Ayant succédé comme économe à M. Le Maître, M. Vignal s'empressa de
faire continuer la bâtisse qui devait servir de logement aux Messieurs
de Saint-Sulpice. Ceux-ci, depuis leur arrivée à Montréal, étaient logés
provisoirement à l'Hôtel-Dieu, et en cette année 1661, ils faisaient
bâtir, en face du fleuve, la maison du séminaire. Pour hâter son
achèvement, M. Vignal obtint de M. de Maisonneuve l'autorisation d'aller
avec quelques hommes chercher des pierres dans une petite île appelée
_l'Ile-à-la-Pierre_, située au-dessus de l'île Sainte-Hélène, justement
vis-à-vis le port de Montréal.

Dès que M. Vignal eut obtenu l'autorisation de M. de Maisonneuve il ne
songea qu'à s'embarquer promptement sans se préoccuper des Iroquois dont
pourtant on avait signalé la présence dans l'île, et, à peine arrivés,
lui et ses compagnons allèrent insouciamment à leur travail qui d'un
côté, qui de l'autre, sans avoir même la précaution de prendre leurs
armes avec eux. "Un d'entre eux, dit M. Dollier de Casson, qui ne fut
pas le moins surpris, alla vaquer à ses nécessités, se mettant sur le
bord de l'embuscade des ennemis, auxquels il tourna le derrière. Un
Iroquois, indigné de cette insulte, sans dire un mot, le piqua d'un coup
de son épée. Cet homme qui n'avait jamais éprouvé de seringue si vive et
si pointue, fit un bond en recevant cette piqûre, et se mit à courir
à _la voile_ vers ses compagnons. Ceux-ci virent de suite l'ennemi et
l'entendirent faire une grosse huée, ce qui effraya tellement nos gens
dont une partie n'était pas encore débarquée, que tous généralement ne
songèrent qu'à s'enfuir, s'oubliant ainsi de leur bravoure ordinaire."

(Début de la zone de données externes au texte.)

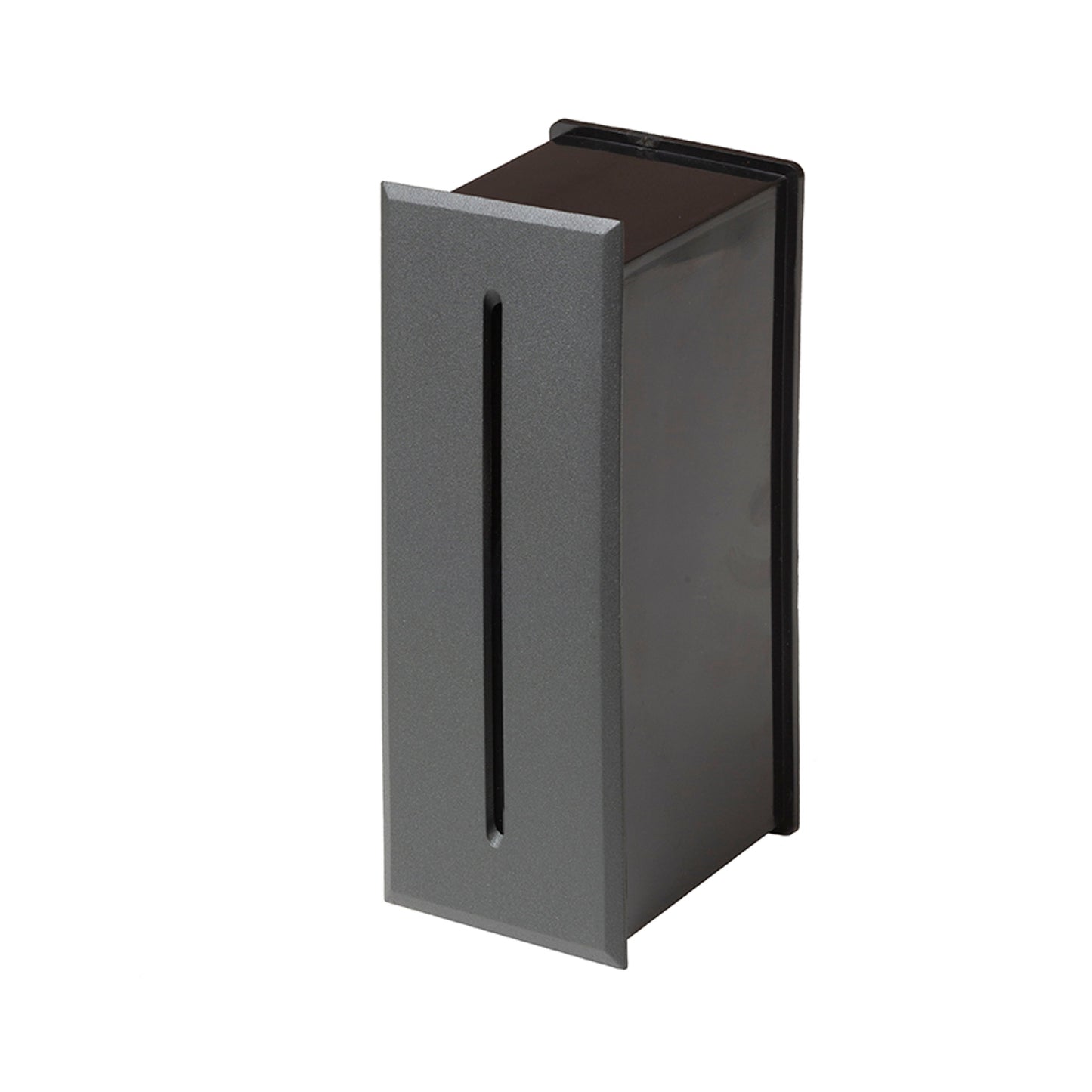 RENDL outdoor lamp SEGNO recessed anthracite grey 230V LED 3W IP54 3000K R13567 2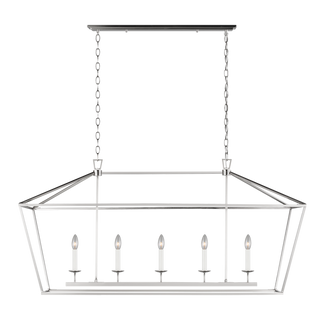 Dianna Medium Linear Chandelier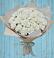 Букет цветов из: Гвоздики в Яндаре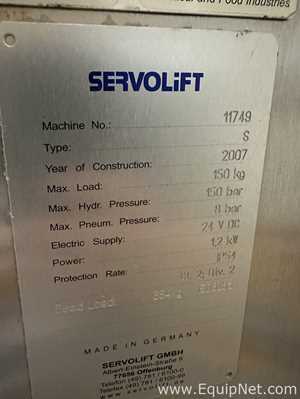Servolift S Drum Inverter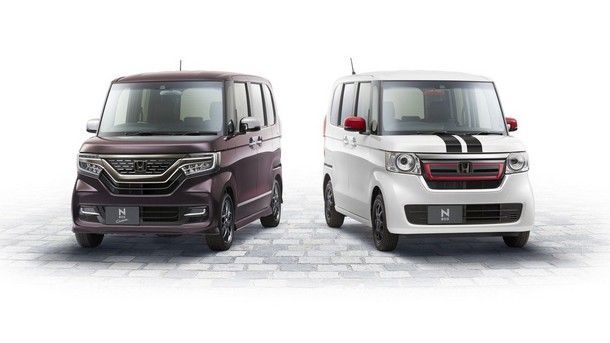 Honda เปิดตัว All-New N-Box น้องเล็กสุดน่ารัก ตั้งเป้า 1.5 หมื่นคัน ในประเทศญี่ปุ่น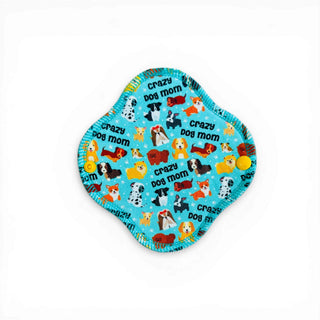 LINER SMALL DOG MOM (ORGANIC COTTON)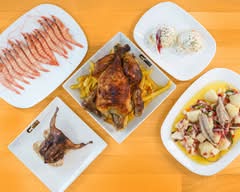 La Pechá De Pollo (Avenida de Emilio Lemos 26)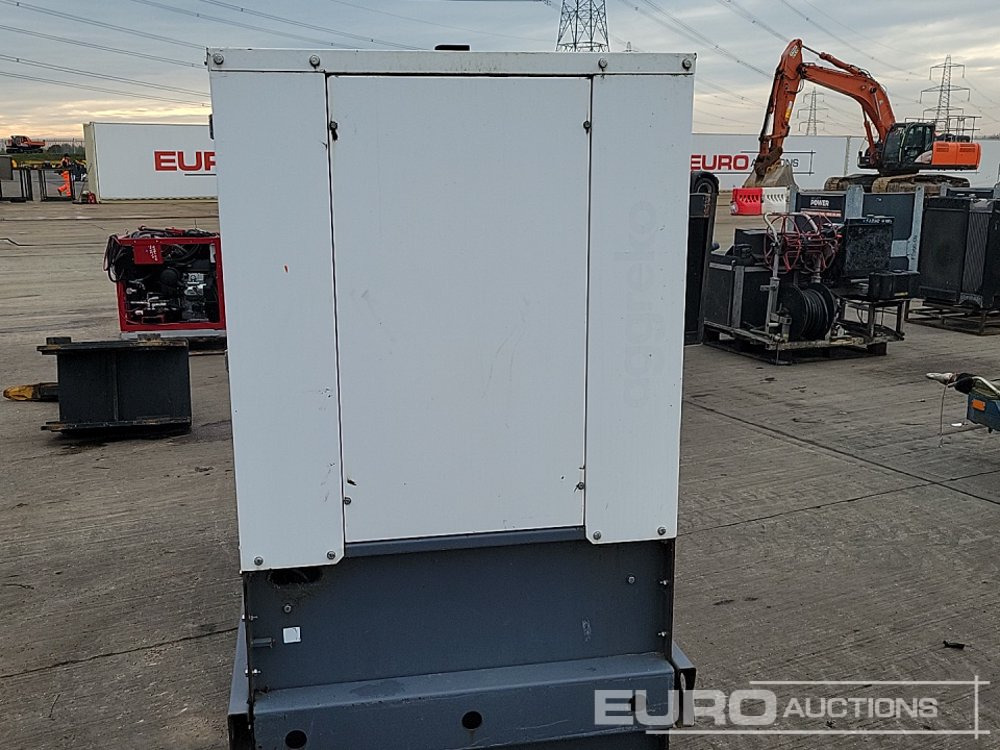 Aggreko Generator, John Deere Engine - Groupe électrogène: photos 2 Aggreko Generator, John Deere Engine - Groupe électrogène: photos 2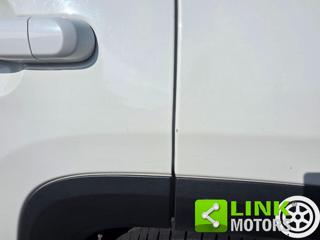 JEEP Renegade usata, con Sensori di parcheggio anteriori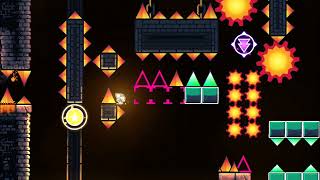 (Extreme Platformer) Lava Trials II by LikeGG (Showcase)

Malheureusement, le chef de cette petite troupe Claude de Brigeac, jeune
gentilhomme de 30 ans, "venu à Villemarie comme soldat, par pur motif de
religion, dans l'intention d'y sacrifier sa vie pour l'établissement
de l'église catholique," et dont M. de Maisonneuve avait fait son
secrétaire particulier, n'était pas encore débarqué.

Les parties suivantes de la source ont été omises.